He’s seen pictures and watched videos but even they didn’t adequately prepare Steve Carroll when he came face-to-face with the legendary Royal St George trap.
It actually scares you off the tee. This majestic sand scar is etched into the heart of the dunes – but the biggest golf tournament’s hideaway is even more intimidating when you stand right below it.
The Himalayas in Royal St. George, which dominates in her house to the right of the fourth aisle, is the stuff of legends.
It’s a “coffin” for the members, a card-crusher in the most obvious sense, but only when you get close do you really understand how hard it really is.
I’ve seen the pictures in magazines and I’ve seen guys rambling on YouTube but they can’t – they can’t – reflect the scale of this monster.
Standing more than 40 feet deep and 25 feet wide, people look like pin pricks from below. Just check out Alex Perry’s photo of NCG, no sag in the height department at about six feet four but barely visible from the depths, and you’ll see what I mean.
There are no illusions of grandeur for those who indulged in this Venus fly trap. Escape should be the only thought, however, by no means guaranteed. So look in your bag and resist every heroic thought your mind has to offer. Pick your highest club, give it the biggest swing, and pray.
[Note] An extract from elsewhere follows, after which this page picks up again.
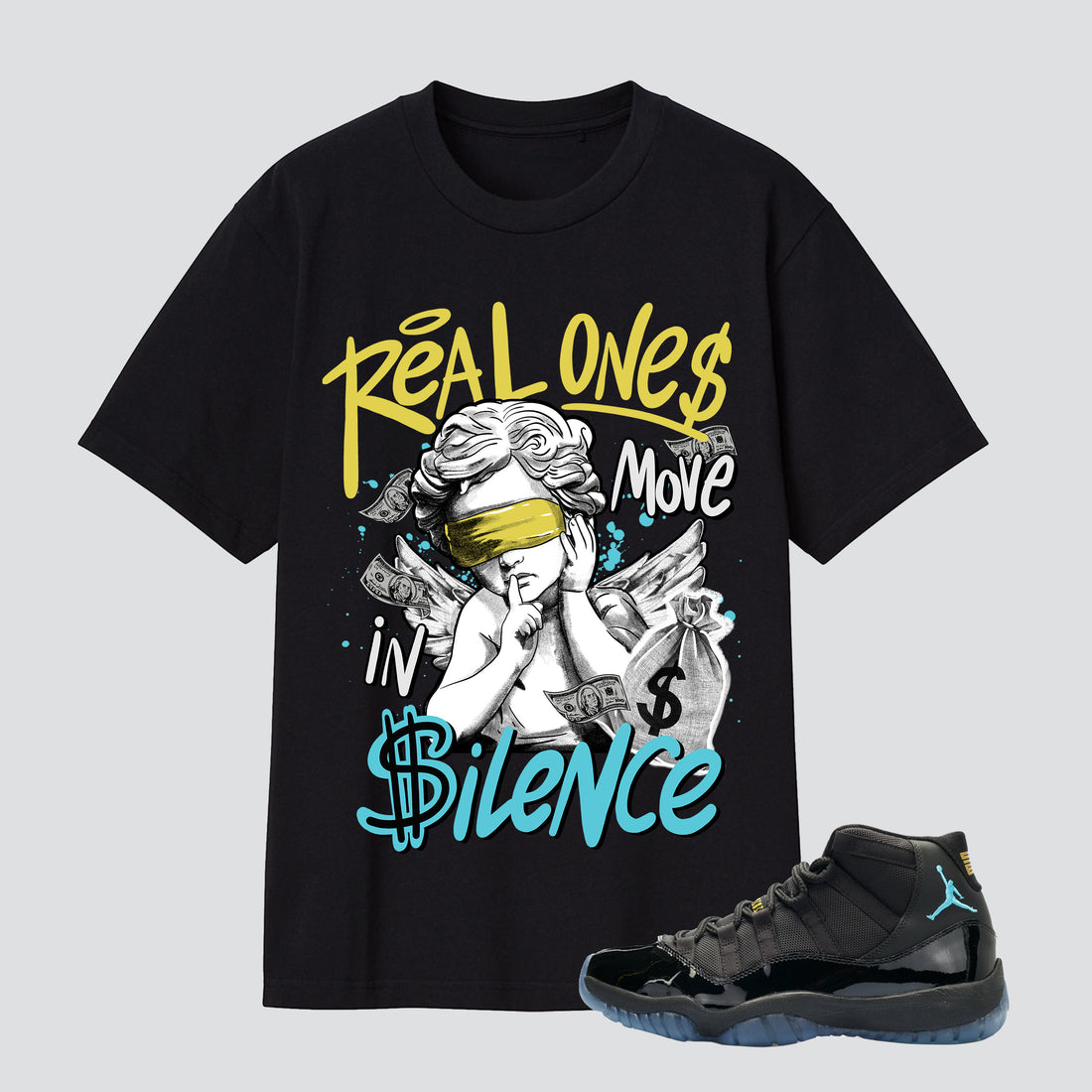 11s Gamma Blue Real One Move In Silence Premium T-shirt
Or dig a hole and bury your hopes.
However, the genius of this lair lies not only in the misfortunes that befall those who enter its surroundings. Try as much as possible to get it off the tee, there it is – a big hole – and that feeling is there not just for the handicapped hackers but for the Open competitors who really have to send their shots soaring over its top in search of the legendary Elysian fields behind.
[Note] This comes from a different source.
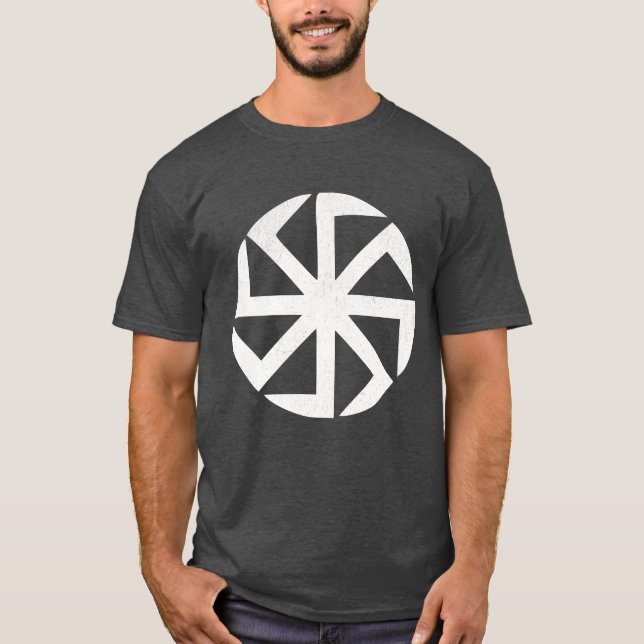 T-shirt Norse Viking Pagan Wicca Esoteric Sun Wheel (Devant)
He will occasionally fish casual and unguarded. And there will be a well-positioned camera waiting for the opportunity to emerge from the disaster.
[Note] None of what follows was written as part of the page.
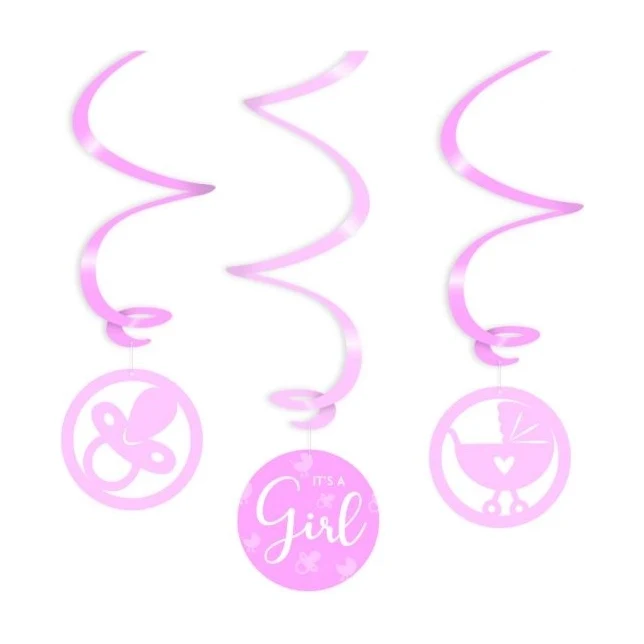 Swirl decoratie - It's a girl!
If this is the first time in 10 years that you have caught your eye on a menace that is simultaneously denounced as a circus and hailed as an architectural marvel, you will notice something different.
Once leveled by the rafters, the slats add another impregnable layer of defense, and those artificial trusses are gone.
He says “no longer a gimmick” Paul Larsen, Head of Plant Conservation at Royal St George. “We made it a perfect natural dune hideaway that is more in line with the golf course.”
The word “Proper” does not adequately describe this masterpiece. It has spawned many imitations – one being the source of an April Fool’s joke that still haunts Google watchers – but the original is still the best.
Will open dreams be destroyed this week? Who knows. But rest assured, then You are ever in Royal St. GeorgeHimalaya will wait.
Did you face the Himalayas and win, or did you come up with the harvest in this brutal sand trap? Let me know how you got in the comments, or tweet me your memories.